__What you have to do__
Transcribe the data underneath exactly. No images belong in your version.

* * *

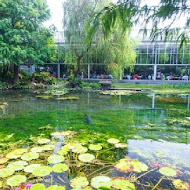 菁芳園 Tenway Garden／花園餐廳／落羽松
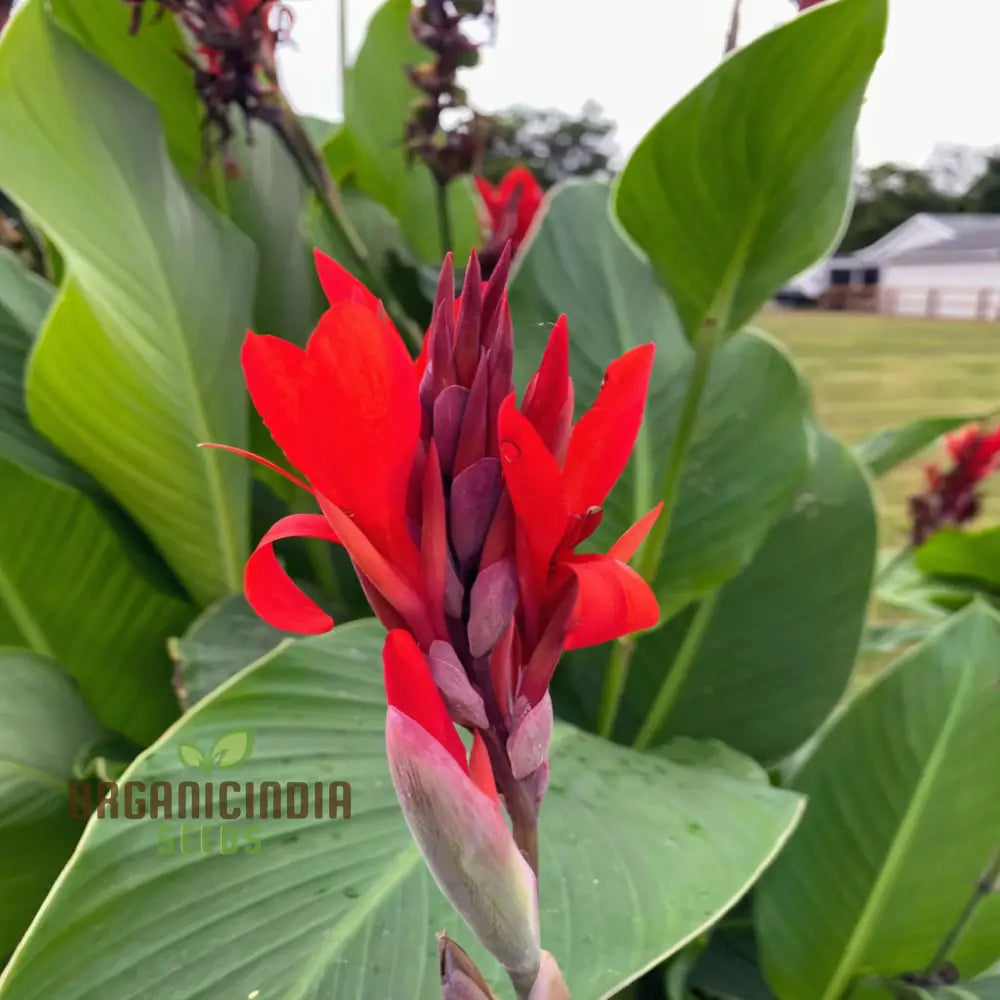 Canna Lily Bulbs - The President Red Rhizomes/Bulbs/Roots (3 For Planting)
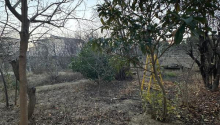 7 sot Torpaq, Satış, Bakı, Səbail, İçəri şəhər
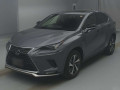 2021 Lexus NX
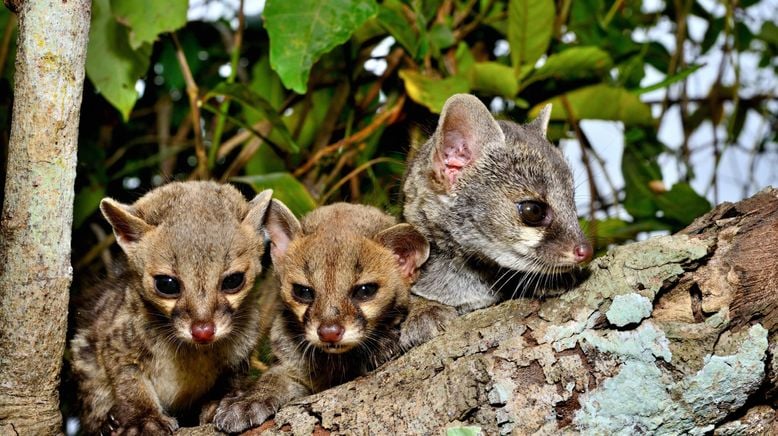 Raising Wildlife: Aufzucht in der Wildnis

* * *

__Finished exercise__
 菁芳園 Tenway Garden／花園餐廳／落羽松
 Canna Lily Bulbs - The President Red Rhizomes/Bulbs/Roots (3 For Planting)
 7 sot Torpaq, Satış, Bakı, Səbail, İçəri şəhər
 2021 Lexus NX
 Raising Wildlife: Aufzucht in der Wildnis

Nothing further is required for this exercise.